Vita sovietica. Неакадемический словарь советской цивилизации. Под ред. А. Лебедева (4)

 

Ухрония

Слово новое; теперь часто говорится одним духом со словом утопия.И правильно: это производное от утопии. Родилось оно в конце ХІXвека, но в употребление вошло недавно. Ввели его лет двадцать пять назад англосаксонские критики научной фантастики. Тогда входила в моду такая НФ, где описывалась наша собственная история в неосуществившихся ее вариантах. Скажем, жизнь в Англии после завоевания ее гитлеровцами в 1942 году и поражения антифашистских стран во Второй мировой войне.

«Остров Крым»Аксенова

– роман о жизни в Крыму, который превратился после Гражданской войны в убежище белых эмигрантов и для советской России стал тем, чем Тайвань для народного Китая, — удачный образец такого типа ухронии. В каком-то смысле вся НФ, работающая с историей, причастна к этой проблематике. «Что произойдет, если вернуться в прошлое и убить маленького Шикльгрубера?» И т. д. Но чаще всего ответ был: или что-то препятствует киллеру создать временной парадокс, или место Гитлера занимает кто-то другой, и история продолжается без изменений. Ухроническая же НФ строит именно измененную историю. Надо сказать, что истинным ее зачинателем был не какой-нибудь Норман Спинрад, а самый несгибаемый из всех революционеров, Огюст Бланки. Сидя в тюрьме, он написал

 «Вечность через звезды»,

фантазию о бесконечности вселенной с бесконечным же количеством планет, где живут наши двойники и бесконечно повторяется и иногда переигрывается земная история. Говорят, что книга повлияла на Достоевского, отсюда –

 «Сон смешного человека».

Это не исключено, Бланки хорошо знали в России.

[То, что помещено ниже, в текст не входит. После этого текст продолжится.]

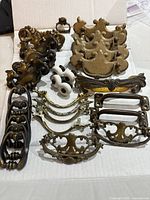 Overview of entire assortment of vintage hardware pieces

Да, но вообще-то ухрония, по аналогии с утопией, связывается с представлением о счастливом времени, в принципе, вынесенном куда-то подальше от грузного галопа истории. Сбывшаяся утопия открывает вход в счастливую вечность, вход в ухронию. Утопия in progress, в построении, заклинает историю не проявляться; она не советует рассказывать о несчастных случаях, природных бедствиях и неудачах экономики; соцреалистическая теория бесконфликтности разъяснила всем на пальцах, что такое ухрония.

Советская утопия вообще больше была ухронией, чем утопией. Жизнь в стране не совсем идеально ладилась, вечно

были какие-то проблемы и прорывы,

заедали бюрократы,

портили настроение уклонисты и диссиденты.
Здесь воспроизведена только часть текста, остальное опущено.